Leurs propriétés et leurs caractéristiques les rendent attrayants pour les PME, notamment dans leur capacité à encourager et améliorer la conversation, la collaboration et l’interaction avec d’autres entreprises. De nombreuses PME les utilisent pour communiquer et échanger des informations avec une grande variété d’acteurs (clients, distributeurs, fournisseurs, concurrents, etc.) (McCann et Barlow, 2015). Le faible coût associé à ces outils numériques favorise leur utilisation par les PME qui sont confrontées à un manque de ressources dans le développement de leurs activités (Pogrebnyakov, 2017).
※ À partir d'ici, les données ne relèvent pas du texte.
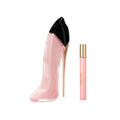 2.7 oz + Travel 0.34 oz Duo C5495
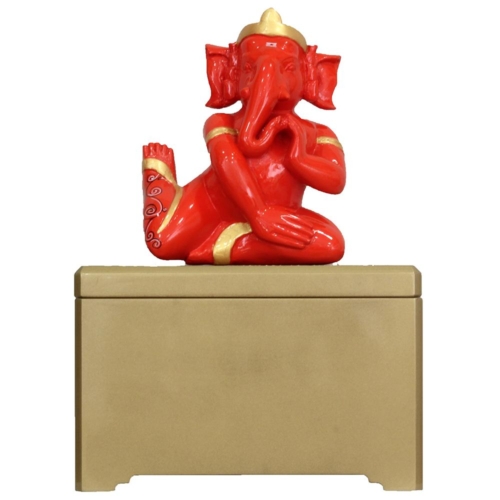 Ramesh Gorjala Artist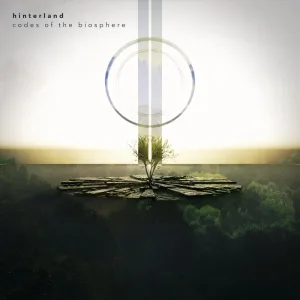 Vossai Moonfall
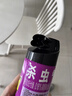 雷達(dá)（Raid）基孔肯雅熱殺蟲劑噴霧550ml*2瓶無香型殺蟲氣霧劑 蟑螂藥 滅蟑螂 曬單實(shí)拍圖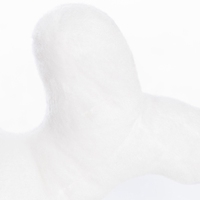 Nouveauté, baleine beluga en peluche, jouet en peluche en forme de baleine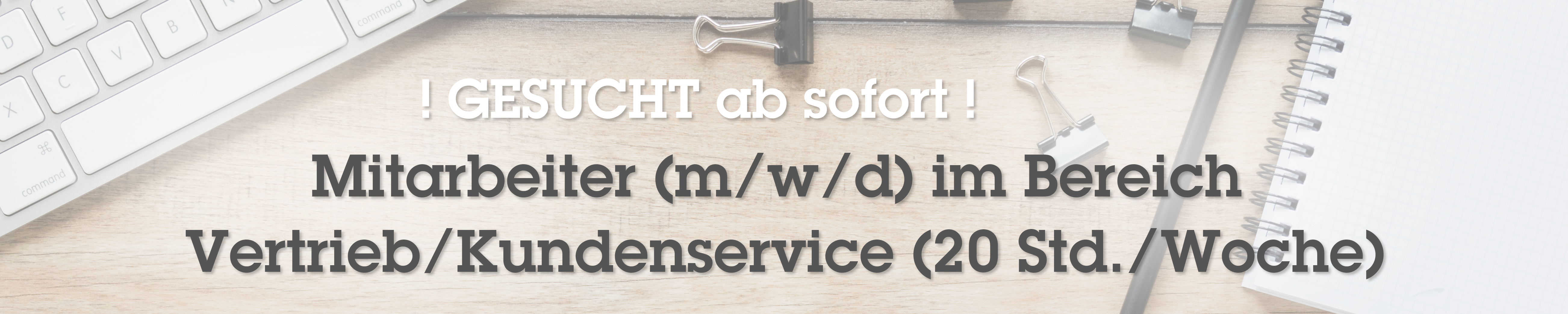 Banner-Picture for 'Stellenanzeige Vertrieb' redirecting to 'https://files.battenberg-gietl.de/public/files/stellenanzeige-vertrieb-homepage-2026.pdf'.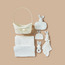 Juniors Bunny 7-Piece Gift Set-baby-nursery-blanketsandswaddles-blanketsandquilts-image-2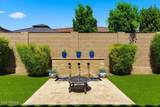 17184 Rocklin Street - Photo 37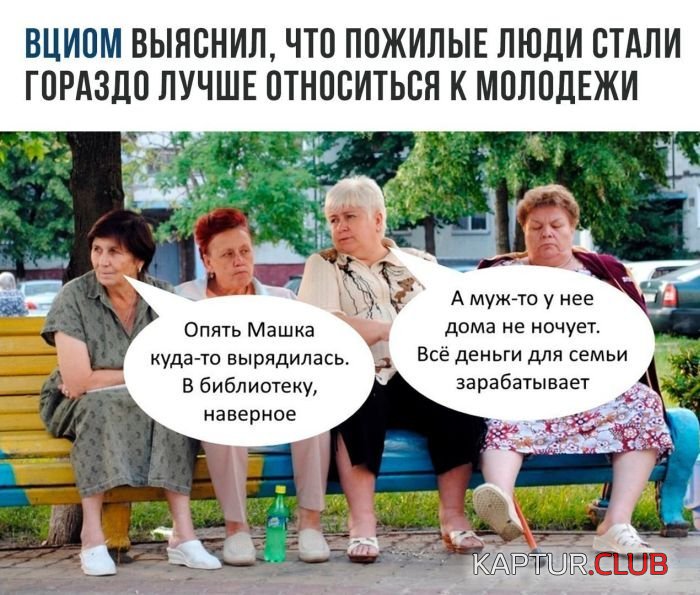 1505117088_kartinki_01.jpg | Рено Каптур Клуб Россия | Форум KAPTUR.SU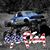 Mark Castillo's profile image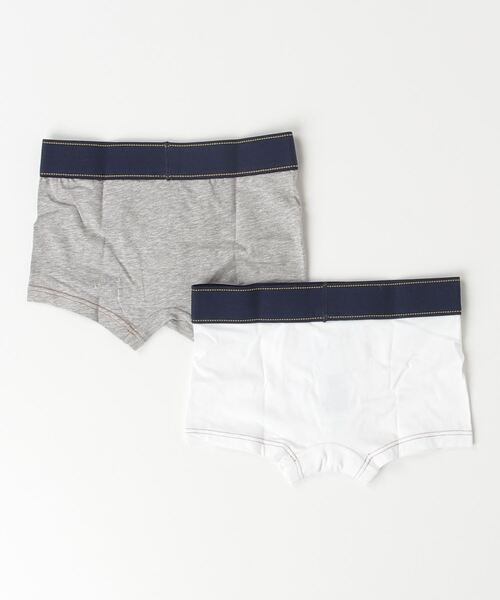 DIESEL KIDS ボクサーパンツ 入学式 DIESEL（ディーゼル）Kids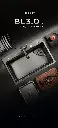 (1).webp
Les réseaux sociaux numériques peuvent faciliter l’obtention d’informations et de connaissances sur les marchés étrangers et jouer un rôle important dans les décisions d’internationalisation des PME (Costa, Soares et Sousa, 2017), notamment lors de la phase initiale du processus de développement international (Almeida et Santos, 2020). Leur utilisation peut permettre aux PME de saisir des opportunités internationales plus rapidement que leurs concurrents et ainsi gagner un avantage concurrentiel (Katsikeas, Leonidou et Zeriti, 2020).
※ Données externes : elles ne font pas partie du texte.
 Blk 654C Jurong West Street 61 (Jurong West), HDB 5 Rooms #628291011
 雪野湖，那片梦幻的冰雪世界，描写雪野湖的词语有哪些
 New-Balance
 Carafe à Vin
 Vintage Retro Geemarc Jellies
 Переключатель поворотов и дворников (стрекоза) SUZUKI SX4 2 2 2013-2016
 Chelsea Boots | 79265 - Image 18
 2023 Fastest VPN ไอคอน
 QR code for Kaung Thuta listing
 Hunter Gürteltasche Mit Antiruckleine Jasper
Le modèle d’Uppsala montre que le manque de connaissances auquel sont confrontées les entreprises dans le cadre de leur internationalisation résulte de la distance psychique qui est perçue par les entreprises par rapport aux marchés visés (Johanson et Wiedersheim-Paul, 1975). La distance psychique est susceptible de perturber les flux d’information et d’accentuer le handicap de l’extranéité (Johanson et Vahlne, 2009; Wu et Salomon, 2016, 2017; Zaheer, 1995). Pour surmonter ces difficultés, les PME peuvent choisir d’utiliser les réseaux sociaux numériques. En effet, plusieurs travaux montrent que les outils numériques facilitent le développement de connaissances sur les marchés étrangers (Loane, 2006; Tseng et Johnsen, 2011). Lorsque les PME ont recours aux réseaux sociaux numériques pour acquérir des connaissances, elles devraient ressentir une distance psychique plus faible par rapport aux marchés internationaux visés dans la mesure où elles peuvent plus facilement accéder aux informations sur ces marchés, d’où l’hypothèse 1.

Hypothèse 1 : L’utilisation des réseaux sociaux numériques pour le développement de connaissances sur les marchés étrangers diminue la distance psychique perçue par les PME.
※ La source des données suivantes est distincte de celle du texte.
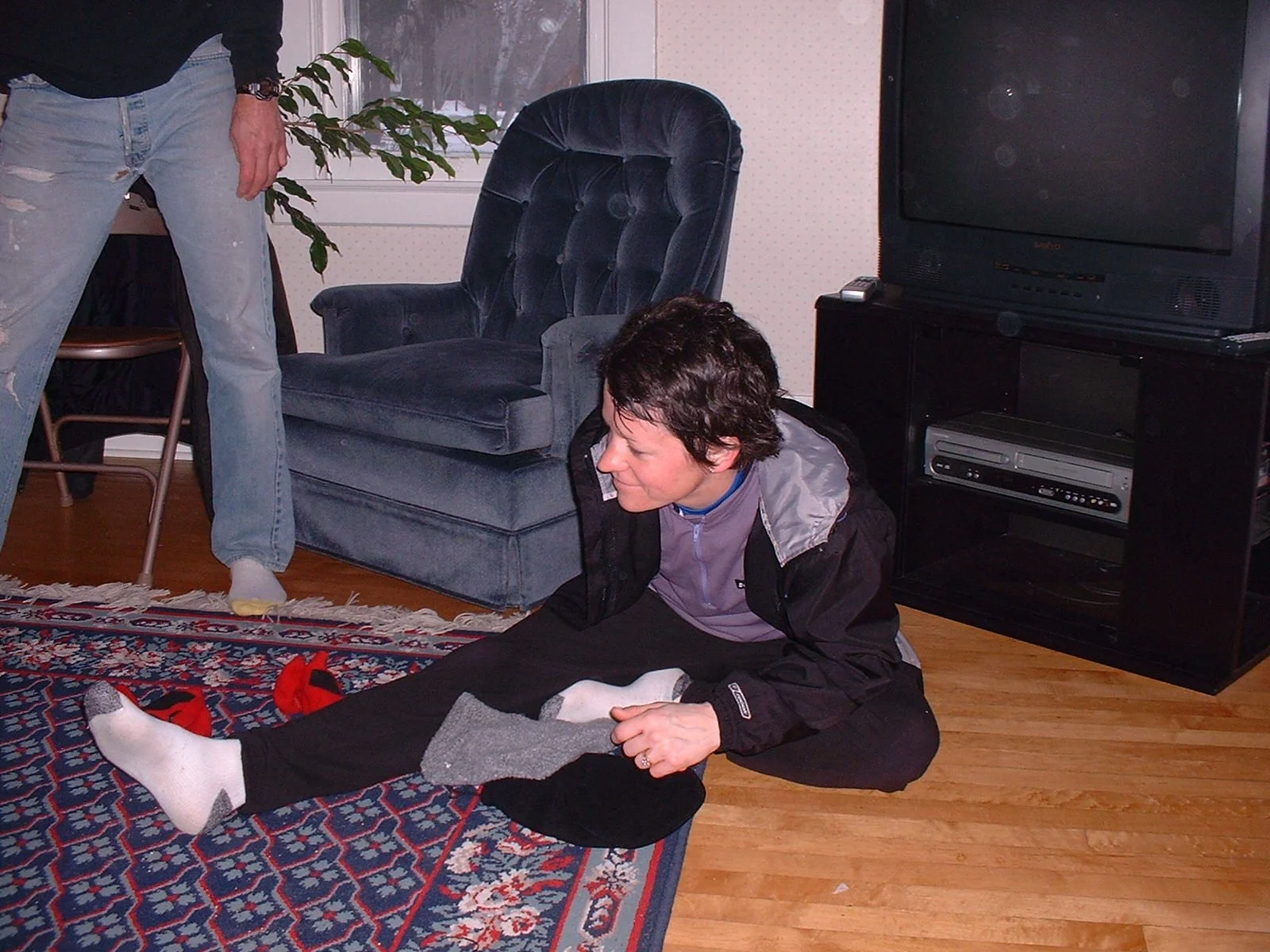 1-1-2004g_original.jpg
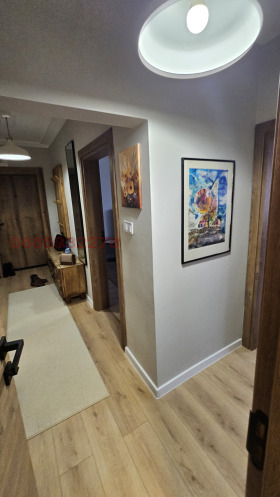 ���� ��� ���� 3-����� | Imot.bg � ����� ������ 15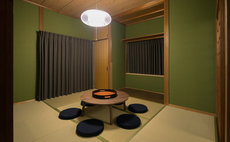 Ikimura HIRAODAI - Private House Rental For up to 15 guests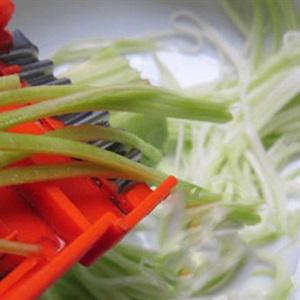 Cách làm canh cua nấu bầu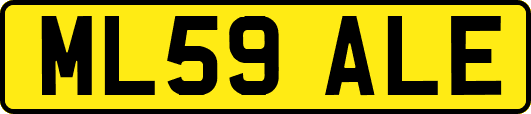 ML59ALE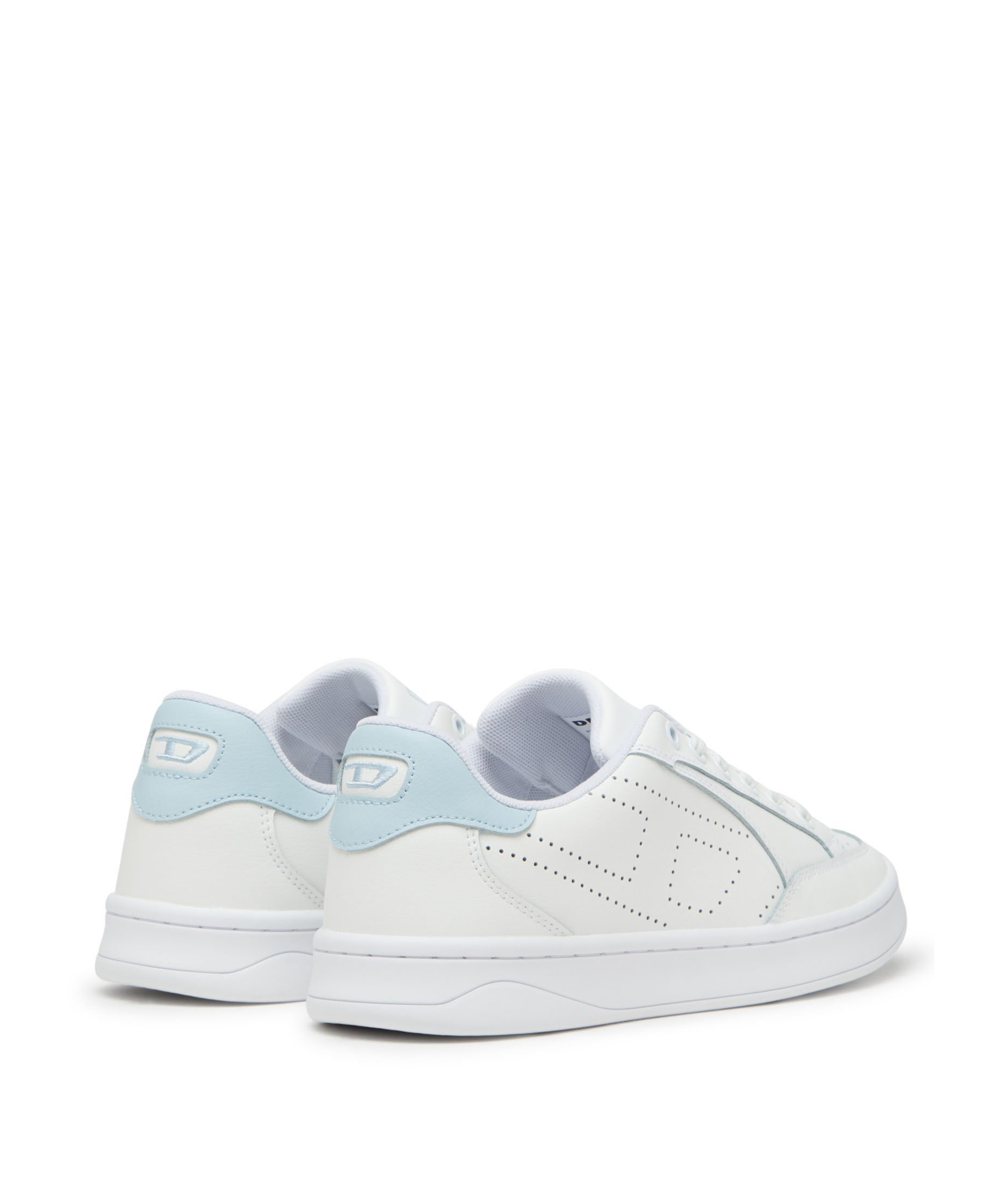 Diesel S-dakota Sneakers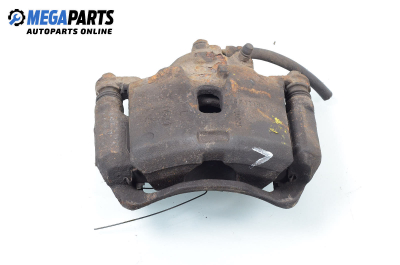 Bremszange for Rover 600 (RH) (08.1993 - 02.1999), position: links, vorderseite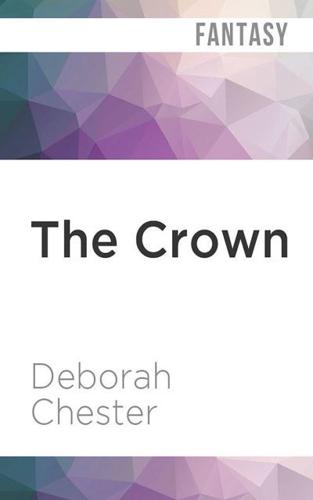 The Crown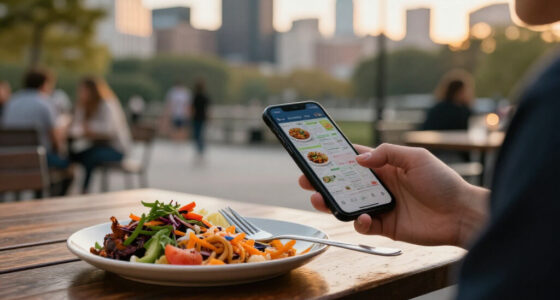 Show HN: CheapFoodMap – A Map Of Good Meals Under $10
Les travaux portant sur les bénéfices des outils numériques pour l’internationalisation des PME adoptent souvent une perspective marketing. Ainsi, l’étude européenne menée par Hagsten et Kotnik (2017) montre que la présence d’un site Internet peut déclencher la décision de démarrer des activités d’exportation. Elle révèle aussi que les outils numériques sont susceptibles d’accroître le chiffre d’affaires qui est réalisé à l’export. En effet, ces éléments peuvent faciliter les interactions avec les clients à l’étranger. Dans la même perspective, l’enquête réalisée par Loane (2006) indique que l’utilisation d’Internet peut aider les PME à développer leurs ventes à l’échelle internationale, même si les ventes ne sont pas nécessairement réalisées en ligne. L’étude qualitative menée par Tseng et Johnsen (2011) auprès de plusieurs PME britanniques souligne qu’Internet peut faciliter la communication avec les clients internationaux.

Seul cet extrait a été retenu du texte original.